GA4 → Admin → Attribution settings:

  1. Reporting attribution model: Choose data-driven (default) or select a rule-based model
  2. Lookback window: 30 days for acquisition events, 90 days for all other events
  3. Paid/organic channels: Include or exclude organic touchpoints

Changes apply to reports retroactively — they recompute historical data with the new model.

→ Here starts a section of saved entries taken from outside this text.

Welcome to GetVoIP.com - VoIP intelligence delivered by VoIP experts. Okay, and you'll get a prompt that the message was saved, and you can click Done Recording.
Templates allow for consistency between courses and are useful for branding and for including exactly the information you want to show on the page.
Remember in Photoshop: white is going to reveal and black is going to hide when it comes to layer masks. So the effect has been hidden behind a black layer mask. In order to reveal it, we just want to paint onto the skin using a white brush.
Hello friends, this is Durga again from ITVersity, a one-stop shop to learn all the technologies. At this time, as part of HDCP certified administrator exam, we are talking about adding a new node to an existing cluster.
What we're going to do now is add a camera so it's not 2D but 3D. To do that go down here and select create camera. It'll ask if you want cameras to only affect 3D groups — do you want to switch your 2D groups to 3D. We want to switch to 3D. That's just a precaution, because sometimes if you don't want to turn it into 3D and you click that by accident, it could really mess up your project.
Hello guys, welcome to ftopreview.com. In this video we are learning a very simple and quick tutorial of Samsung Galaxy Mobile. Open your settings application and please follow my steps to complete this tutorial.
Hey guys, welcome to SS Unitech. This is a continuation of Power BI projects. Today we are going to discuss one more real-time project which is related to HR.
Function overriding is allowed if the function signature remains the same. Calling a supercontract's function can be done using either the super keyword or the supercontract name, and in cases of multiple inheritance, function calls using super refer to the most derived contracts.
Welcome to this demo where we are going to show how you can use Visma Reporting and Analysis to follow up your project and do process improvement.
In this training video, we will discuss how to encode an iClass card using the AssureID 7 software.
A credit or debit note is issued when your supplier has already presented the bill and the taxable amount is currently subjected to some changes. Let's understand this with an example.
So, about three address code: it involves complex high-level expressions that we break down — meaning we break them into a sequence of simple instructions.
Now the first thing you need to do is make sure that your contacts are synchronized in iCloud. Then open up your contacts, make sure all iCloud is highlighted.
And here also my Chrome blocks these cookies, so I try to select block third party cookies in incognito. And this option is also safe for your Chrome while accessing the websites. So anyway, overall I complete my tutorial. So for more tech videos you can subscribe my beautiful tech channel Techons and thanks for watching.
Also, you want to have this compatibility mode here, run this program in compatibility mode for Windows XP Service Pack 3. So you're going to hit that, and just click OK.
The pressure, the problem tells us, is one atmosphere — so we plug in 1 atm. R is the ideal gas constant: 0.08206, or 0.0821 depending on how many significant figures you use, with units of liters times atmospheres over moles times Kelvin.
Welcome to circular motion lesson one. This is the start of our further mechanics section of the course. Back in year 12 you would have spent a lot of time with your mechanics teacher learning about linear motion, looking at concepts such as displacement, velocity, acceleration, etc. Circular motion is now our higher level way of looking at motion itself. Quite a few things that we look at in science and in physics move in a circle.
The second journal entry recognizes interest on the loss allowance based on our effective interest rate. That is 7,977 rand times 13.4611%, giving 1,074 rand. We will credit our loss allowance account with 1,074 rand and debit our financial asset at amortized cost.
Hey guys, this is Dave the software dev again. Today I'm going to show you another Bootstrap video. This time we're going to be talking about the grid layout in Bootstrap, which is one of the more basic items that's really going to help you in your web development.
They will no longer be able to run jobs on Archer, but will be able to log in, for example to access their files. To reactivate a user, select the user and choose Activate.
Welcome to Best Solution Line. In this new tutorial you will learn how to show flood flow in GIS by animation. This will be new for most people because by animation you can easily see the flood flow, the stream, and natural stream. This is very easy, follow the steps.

The Real Answer: Use Multiple Views

No single model tells the complete story. Here’s the practical approach:

  1. Google Ads: Use data-driven for bidding optimization (let it ride)
  2. GA4 reporting: Use position-based for cross-channel comparison
  3. Budget decisions: Use blended ROAS as the final check
  4. Monthly review: Compare platform-reported conversions to actual revenue — if the gap is growing, your tracking needs attention

When Attribution Doesn’t Matter

For most businesses under $20K/month ad spend:

  • You’re running 1-2 channels
  • The attribution model barely changes the numbers
  • Your time is better spent on creative testing and audience optimization
  • Fix your conversion tracking — accurate data matters more than the model

Attribution models are a scaling problem. When you’re spending across 5+ channels and need to justify budgets, the model matters. At smaller scale, just make sure you’re tracking correctly and the ROAS is above break-even.